An agent operates without constant human guidance. You give it a high-level instruction, and it figures out the details.

  • The Request: “Find me a pair of running shoes under $120 that are in stock.”
  • The Agent’s Reasoning:
  1. Call the search_inventory tool.
  2. Filter results where category == 'running'.
  3. Filter results where price < 120.
  4. Check stock_status for each.
  5. Rank by rating and return the best option.
  • Result: The agent does all this logic alone, returning a curated recommendation.

2. Goal-Oriented

Agents work toward achieving specified objectives. They don’t just chat; they want to reach a “Success” state.

  • The Goal: “Process a return for Order #555.”
  • The Execution: The agent understands that “Success” means the return is processed in the database and the user has a shipping label. It will keep taking steps, asking for the condition of the shoes, verifying the purchase date, until that specific goal is met.

3. Reactive

Agents respond to changes in their environment. They can handle errors or new information on the fly.

  • The Scenario: The agent tries to use the check_inventory tool, but the database is down (returns an error).
  • The Reaction: Instead of crashing or saying “System Error,” the agent reasons: “The database is down. I should apologize to the user and try to search the cached catalog instead, or ask them to check back in 5 minutes.”
  • The Scenario: The user forgets to mention their shoe size.
  • The Reaction: The agent realizes the task is ambiguous and asks a clarifying question: “I found those shoes, but what size do you need?“

4. Proactive

This is where agents truly shine. They can take initiative based on their reasoning.
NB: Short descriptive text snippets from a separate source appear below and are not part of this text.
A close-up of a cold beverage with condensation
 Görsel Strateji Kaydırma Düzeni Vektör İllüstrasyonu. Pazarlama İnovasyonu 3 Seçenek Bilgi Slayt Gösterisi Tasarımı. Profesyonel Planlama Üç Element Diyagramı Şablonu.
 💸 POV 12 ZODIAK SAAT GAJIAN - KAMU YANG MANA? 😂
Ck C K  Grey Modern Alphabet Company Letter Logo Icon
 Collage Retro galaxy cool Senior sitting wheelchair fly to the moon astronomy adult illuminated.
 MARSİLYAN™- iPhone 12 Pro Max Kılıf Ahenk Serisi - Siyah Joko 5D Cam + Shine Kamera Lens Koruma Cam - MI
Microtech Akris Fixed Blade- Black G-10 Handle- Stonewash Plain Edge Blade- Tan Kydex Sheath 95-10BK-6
  • The Scenario: The user asks for a specific limited-edition sneaker.
  • The Proactive Action: The agent sees the sneaker is out of stock. Instead of just saying “No,” it notices the user’s budget and style preference. It proactively suggests: “The Limited Editions are sold out, but we have the new ‘Sprint-Pro’ model which uses the same technology and is currently 10% off. Would you like to see those?”

Conclusion

The shift from decision trees to AI agents is a shift from scripted flows to reasoning loops.

By giving Large Language Models access to tools and memory, we aren’t just building chatbots that can talk; we are building assistants that can work. Whether it’s finding the perfect flight, coding a website, or handling a complex customer return involving a puddle, AI agents represent the next evolution in how we interact with software.

They perceive, they reason, and most importantly, they act.